_Aim of the exercise_
Retype the lines from the first one in the records down to the line containing "Proloterapi Zararları Nelerdir?", counting both, and leave out any pictures.

[Caption-style text data]
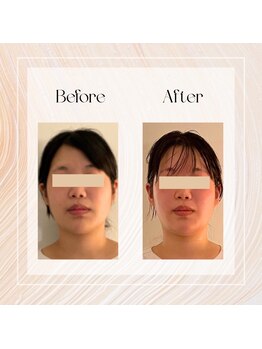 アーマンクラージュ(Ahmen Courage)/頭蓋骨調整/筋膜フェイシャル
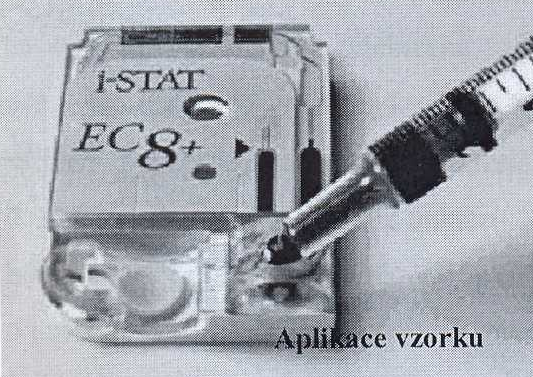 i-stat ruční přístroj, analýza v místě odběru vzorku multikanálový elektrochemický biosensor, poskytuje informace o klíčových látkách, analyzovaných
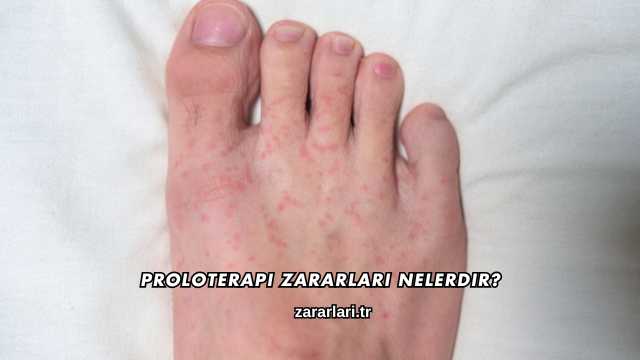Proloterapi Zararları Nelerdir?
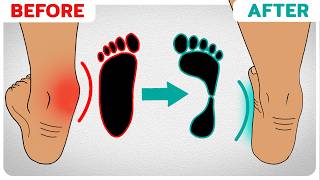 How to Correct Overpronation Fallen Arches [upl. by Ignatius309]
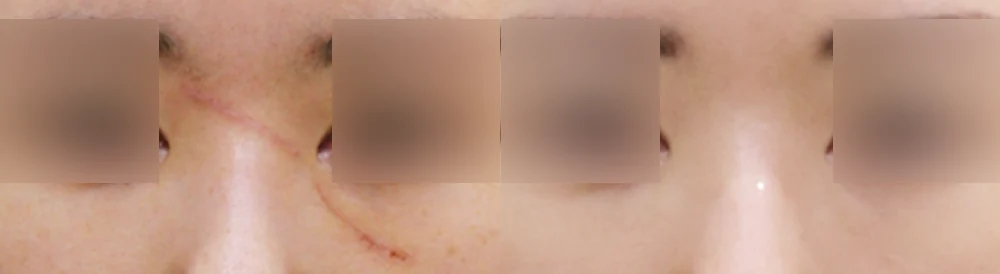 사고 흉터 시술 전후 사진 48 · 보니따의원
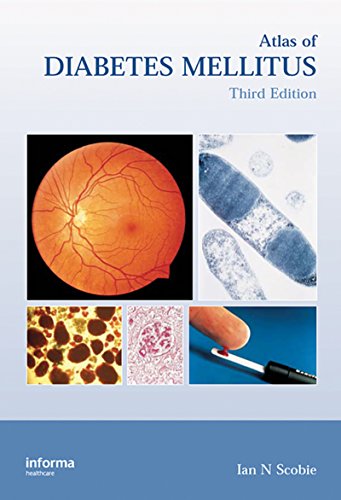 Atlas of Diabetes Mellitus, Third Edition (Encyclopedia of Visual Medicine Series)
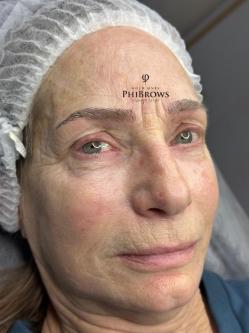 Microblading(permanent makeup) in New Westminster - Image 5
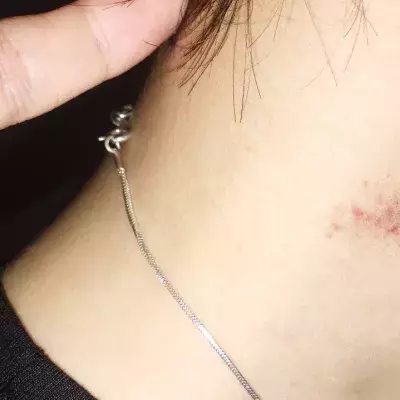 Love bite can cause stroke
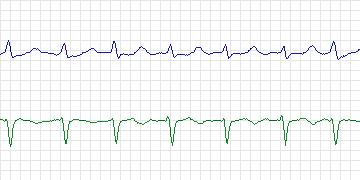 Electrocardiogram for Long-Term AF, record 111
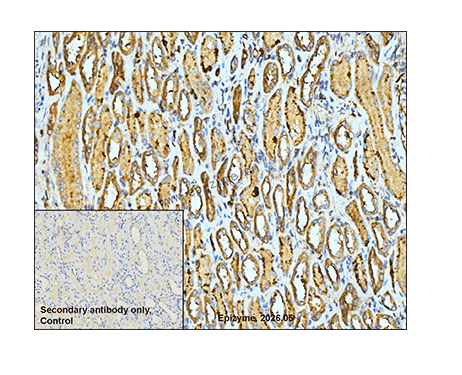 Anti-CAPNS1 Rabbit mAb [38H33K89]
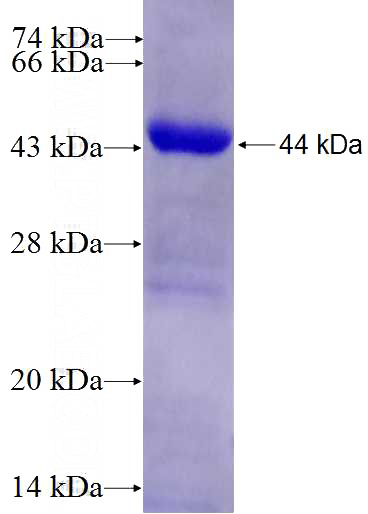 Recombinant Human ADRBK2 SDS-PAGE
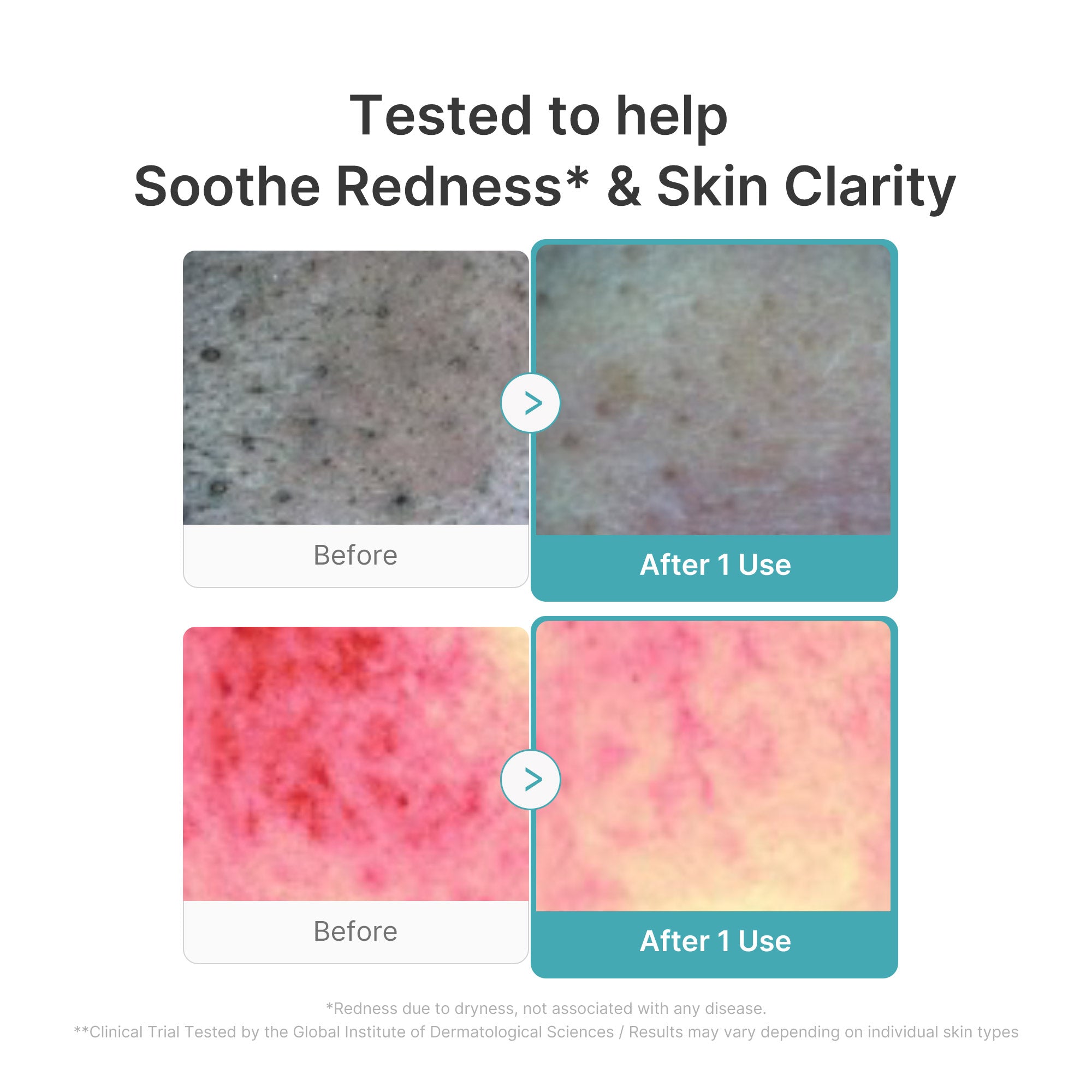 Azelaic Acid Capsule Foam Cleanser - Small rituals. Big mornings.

_Expected output_
 アーマンクラージュ(Ahmen Courage)/頭蓋骨調整/筋膜フェイシャル
 i-stat ruční přístroj, analýza v místě odběru vzorku multikanálový elektrochemický biosensor, poskytuje informace o klíčových látkách, analyzovaných
Proloterapi Zararları Nelerdir?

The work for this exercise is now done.